Realization of deferred tax assets is dependent upon sufficient future taxable income during the period that deductible temporary differences and carry-forwards are expected to be available to reduce taxable income.

 

At June 30, 2018, the Company’s deferred tax assets consisted primarily of net operating loss carry forwards. For the three months ended June 30, 2018 and 2017, the material reconciling items between the tax benefit computed at the statutory rate and the actual benefit recognized in the consolidated financial statements consisted of expenses related to share-based compensation and the change in the valuation allowance during the applicable period. At June 30, 2018 and 2017, the Company has recorded a 100% valuation allowance as management believes it is likely that any deferred tax assets will not be realized.

 

As of June 30, 2018, the Company has a net operating loss carry forward of approximately $36.5 million, which will expire between years 2028 and 2036. Due to the change in ownership provisions of the Tax Reform Act of 1986, our net operating loss carry forwards are expected to be subject to significant annual limitations for the change in ownership that resulted in the merger with American Exploration.

 

On December 22, 2017, new federal tax reform legislation was enacted in the United States (the “2017 Tax Act”), resulting in significant changes from previous tax law.
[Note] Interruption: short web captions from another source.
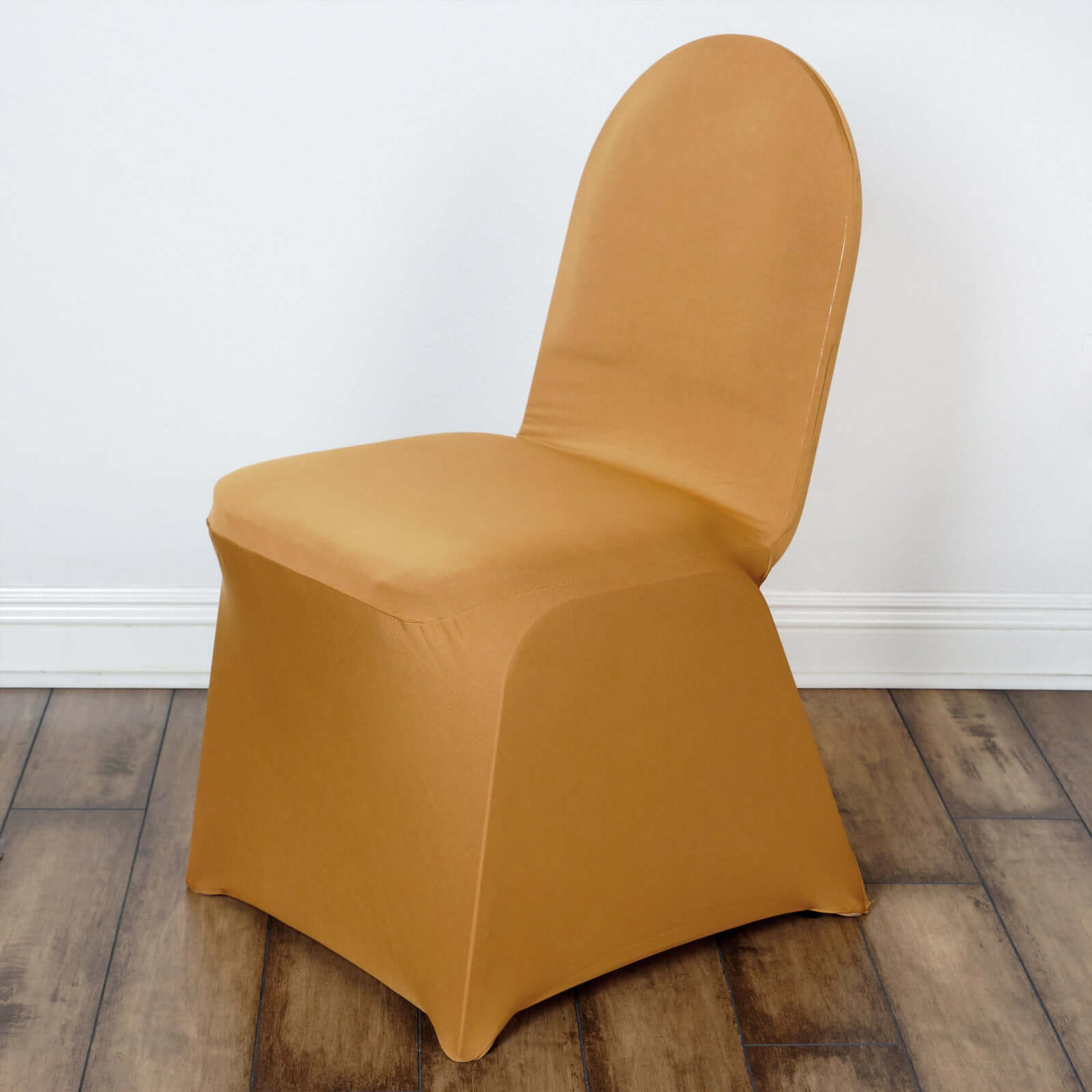 Spandex Chair Cover for Banquet Chairs Gold - Stylish Stretch 160GSM Fabric with Slip-On Slipcover for Sophisticated Gatherings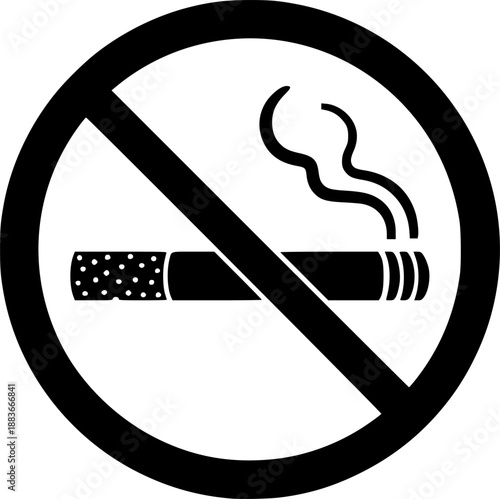 No smoking symbol prohibition silhouette vector illustration
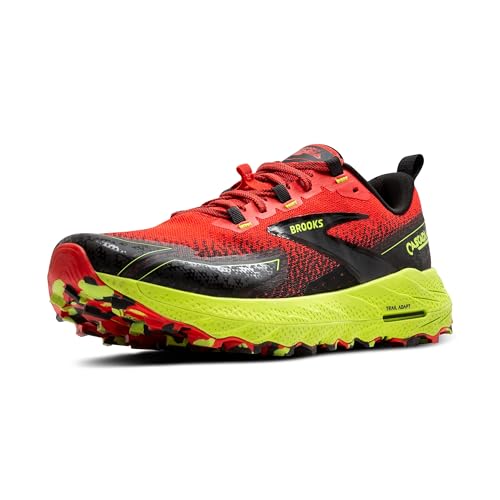 Brooks Men’s Cascadia 18 Mountain Trail Running Shoe - Cherry Tomato/Lime/Black - 10.5 Medium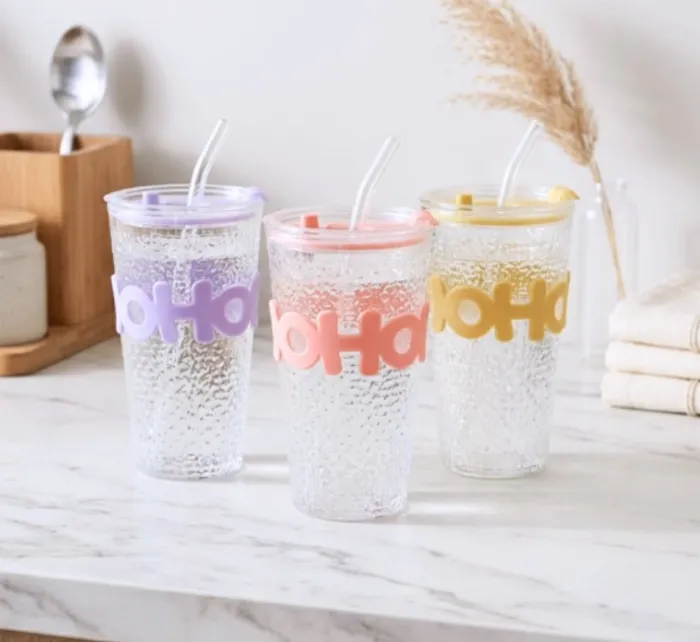 Vaso de vidrio con sorbete hoho 2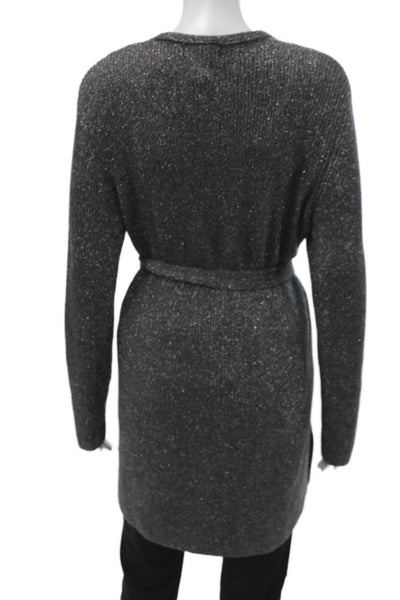Gerani Unisex Cardigan Dark Gray V Neck Button Long Sleeve Virgin Wool Size M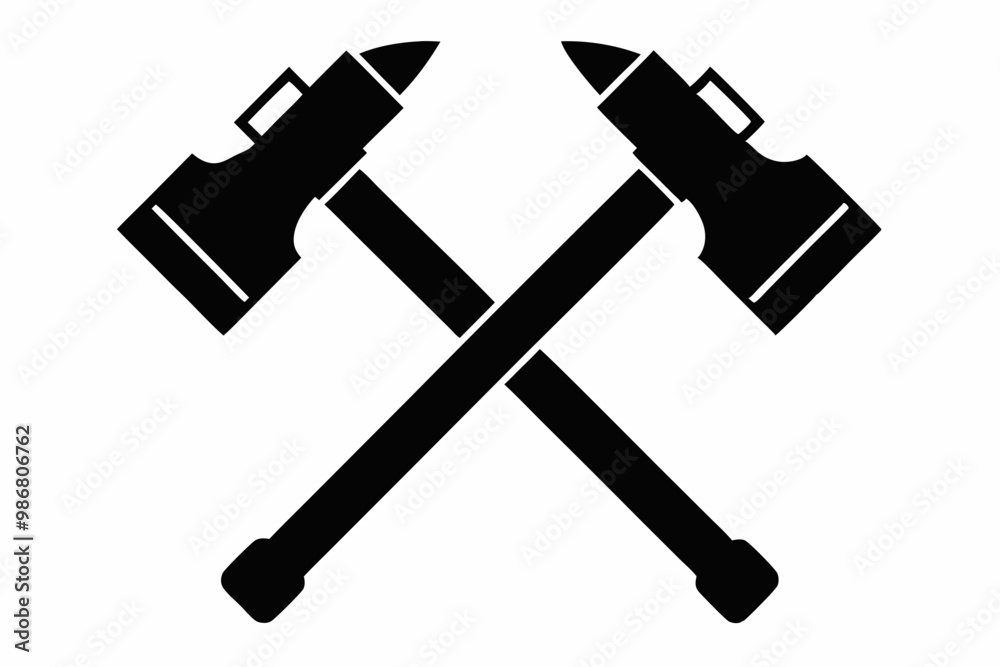 Two crossed hammer vector silhouette, Two crossed hammer icon Two crossed hammer vector silhouette, Two crossed hammer icon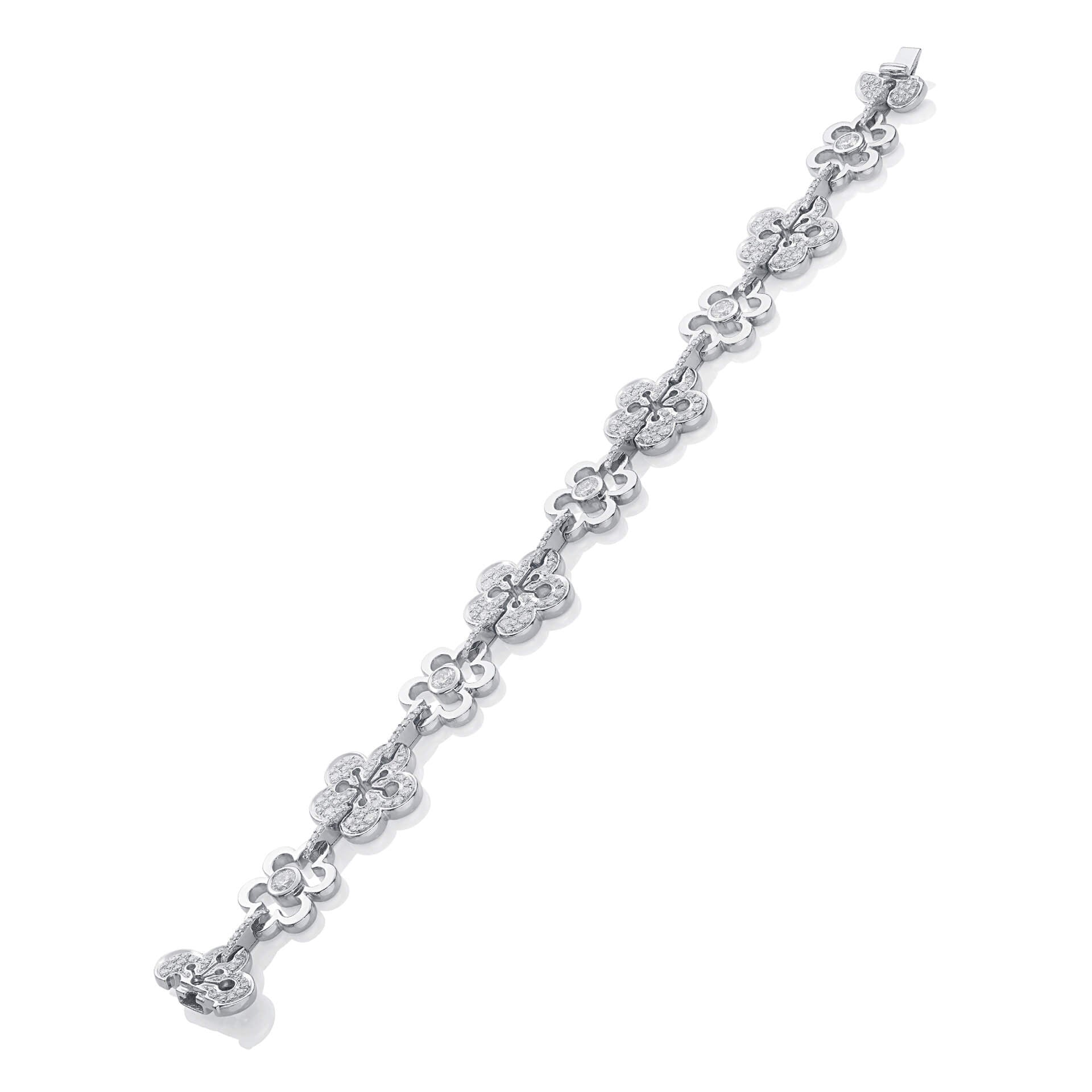 Blossom Large White Gold Diamond Bracelet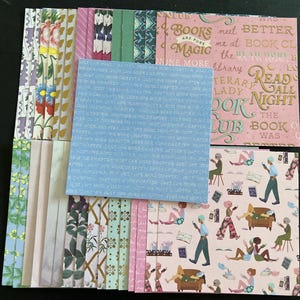 Set mit 34 6-Zoll-Quadraten Verschiedene Thema Lot Papier Karton Mischung aus Texturen und Gewichten 0323Y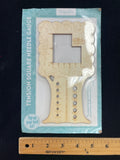 Wood Knitting Tension Square and Needle Gauge - Tree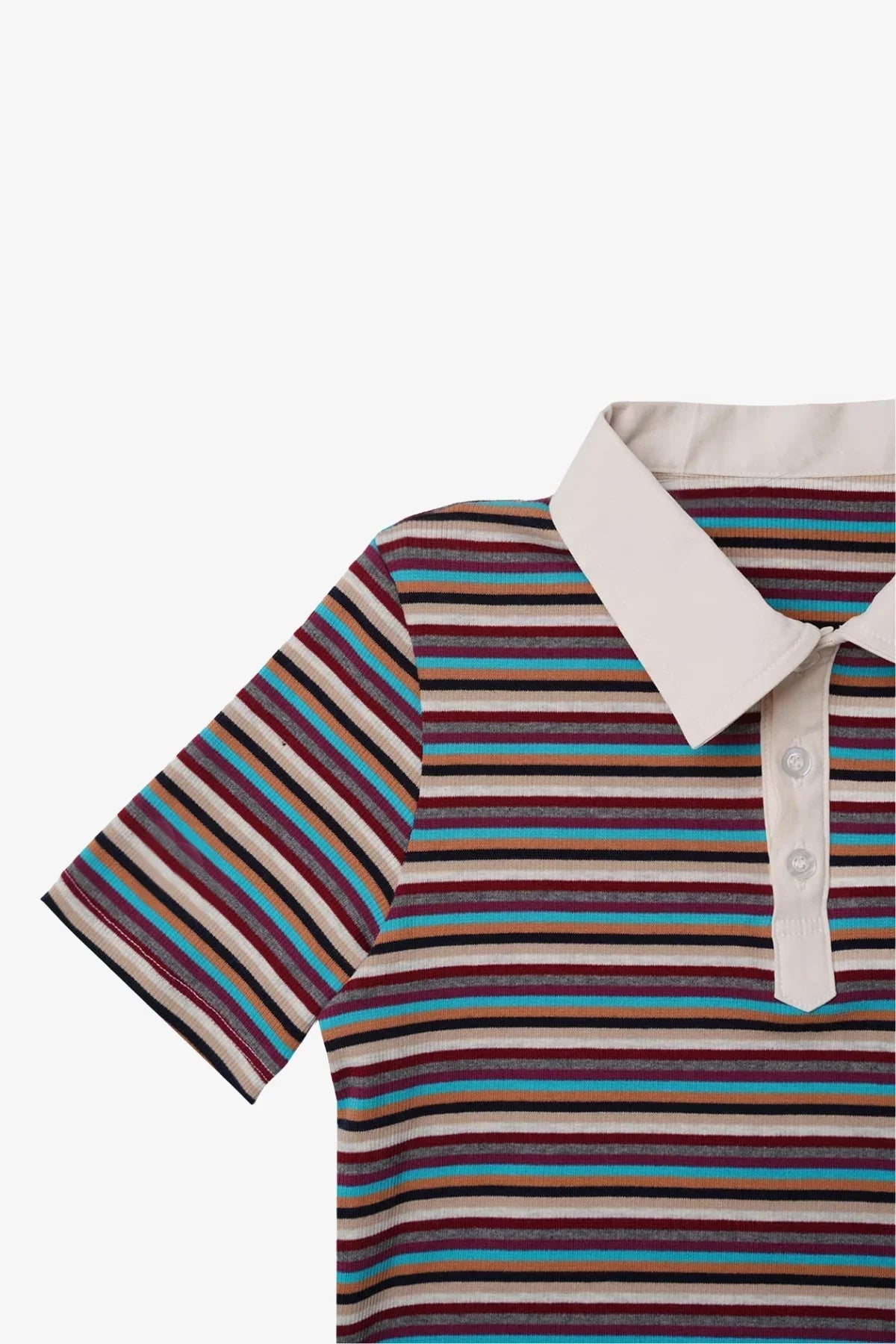 Close-up of striped polo t-shirt with beige collar and multi-color horizontal stripes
The 2017 Tax Act reduces the federal corporate income tax rate to a flat rate of 21%, from a graduated rate structure with a top rate of 35%, effective January 1, 2018. The rate change, along with certain immaterial changes in tax basis resulting from the 2017 Tax Act, resulted in a reduction of the Company’s net deferred tax assets of approximately $4.7 million, and a corresponding reduction in the valuation allowance.